Trilateral summit: Agreements, but no breakthrough in Istanbul

November 2, 2011 - 14:22
ISTANBUL: A trilateral summit between Turkey, Pakistan and Afghanistan found some common ground between Islamabad and Kabul – but, at the same time, served to highlight the continued distrust between the neighbors ahead of an international conference on Afghanistan’s future which started Wednesday in Istanbul.

During the trilateral summit, it was decided that a “joint mechanism” would be evolved to investigate the assassination of Burhanuddin Rabbani, Afghanistan’s top peace maker by an alleged Taliban emissary – an incident that has caused immense distrust in relations between the two neighbors.

However, Afghan President Hamid Karzai’s comments suggested the two were far from resolving their differences despite three-way talks between the presidents of Afghanistan, Pakistan and Turkey.

“We have been hurt badly, our desire for peace has been either misunderstood or misused and we have learnt a lesson from the manner in which we pursued the peace process,” Karzai said.

Speaking at a press conference followed by the summit in Istanbul, Afghan President Hamid Karzai again ruled out peace talks with the Taliban until he knew how to contact the group, saying that until then Afghanistan would talk only to Pakistan.

“We cannot keep talking to suicide bombers, therefore we have stopped talking about talking to the Taliban until we have an address for the Taliban … until that day we have said we will be talking to our brothers in Pakistan to find a solution to the problem that we have,” Karzai said.

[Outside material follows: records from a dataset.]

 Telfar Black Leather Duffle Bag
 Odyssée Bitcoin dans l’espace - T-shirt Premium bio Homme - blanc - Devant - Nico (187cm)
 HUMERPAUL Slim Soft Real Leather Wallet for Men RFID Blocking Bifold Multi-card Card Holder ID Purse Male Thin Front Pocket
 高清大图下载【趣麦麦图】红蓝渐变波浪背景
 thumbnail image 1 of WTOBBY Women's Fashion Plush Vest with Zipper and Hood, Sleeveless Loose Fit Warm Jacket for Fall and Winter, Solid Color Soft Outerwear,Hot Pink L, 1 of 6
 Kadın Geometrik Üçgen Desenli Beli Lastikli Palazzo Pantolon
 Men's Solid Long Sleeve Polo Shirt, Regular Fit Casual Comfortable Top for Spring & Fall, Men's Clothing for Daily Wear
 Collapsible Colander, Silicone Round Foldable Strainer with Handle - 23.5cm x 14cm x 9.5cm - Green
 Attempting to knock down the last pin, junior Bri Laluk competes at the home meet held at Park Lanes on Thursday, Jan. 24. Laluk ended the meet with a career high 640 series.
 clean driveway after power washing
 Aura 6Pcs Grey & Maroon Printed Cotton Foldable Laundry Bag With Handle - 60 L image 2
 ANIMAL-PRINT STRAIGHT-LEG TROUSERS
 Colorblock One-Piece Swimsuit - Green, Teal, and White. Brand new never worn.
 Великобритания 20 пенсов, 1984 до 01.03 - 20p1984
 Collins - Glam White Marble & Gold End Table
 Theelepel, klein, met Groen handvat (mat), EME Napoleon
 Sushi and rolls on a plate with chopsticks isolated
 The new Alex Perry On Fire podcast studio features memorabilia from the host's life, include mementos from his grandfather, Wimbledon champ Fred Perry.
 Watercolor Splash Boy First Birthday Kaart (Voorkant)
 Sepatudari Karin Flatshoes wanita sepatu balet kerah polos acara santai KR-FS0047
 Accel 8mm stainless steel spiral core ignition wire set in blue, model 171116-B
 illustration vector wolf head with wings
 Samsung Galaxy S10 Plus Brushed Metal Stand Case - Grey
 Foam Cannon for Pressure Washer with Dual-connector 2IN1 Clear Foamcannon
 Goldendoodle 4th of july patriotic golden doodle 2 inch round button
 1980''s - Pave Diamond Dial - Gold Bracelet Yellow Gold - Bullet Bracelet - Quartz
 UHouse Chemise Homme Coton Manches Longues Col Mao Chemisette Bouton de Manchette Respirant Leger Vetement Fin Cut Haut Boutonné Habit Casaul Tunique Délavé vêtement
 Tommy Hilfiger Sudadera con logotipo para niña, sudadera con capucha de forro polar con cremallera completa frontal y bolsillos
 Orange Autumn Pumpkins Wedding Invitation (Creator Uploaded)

The summit was dominated by Afghanistan’s push for Pakistan to “move beyond words” and take concrete steps to curb militants which it said were a threat to both countries. The two neighbors were holding their first talks since the assassination of the chief Afghan peace negotiator.

Afghan President Karzai and his Pakistani counterpart Asif Ali Zardari met along with Turkish President Abdullah Gul while their army chiefs also consulted.

During a press briefing following the talks, President Zardari cautioned that there was a need for a regional solution to the Afghanistan issue, adding that the situation was very complex and no quick results should be expected.

The leaders also discussed possibility of forming a Commission at Foreign Ministers’ level to identify problems confronting the region, preparing a program for their resolution and ensuring follow up.

Afghan Deputy Foreign Minister Jawed Ludin told reporters on the sidelines of the meeting in Istanbul that Afghanistan and Pakistan had been trying for several years to build trust “but I think we have failed to see results on the ground”.

“So we are at a stage where we need to move beyond words, beyond expressions of commitments. We need to get to a stage where we actually do concrete things that will address our concerns with regards to our security,” he said.

Ludin said Islamabad’s cooperation was vital to the security of Afghanistan but also to Pakistan – which has also faced a wave of bombings by the Pakistani Taliban.

“So the message we are really bringing today is to tell Pakistan, ‘Look, you’re not doing us a favors by helping with bringing peace and security to Afghanistan … It’s a question of peace and security in Pakistan that’s also suffering at the hands of terrorism.’”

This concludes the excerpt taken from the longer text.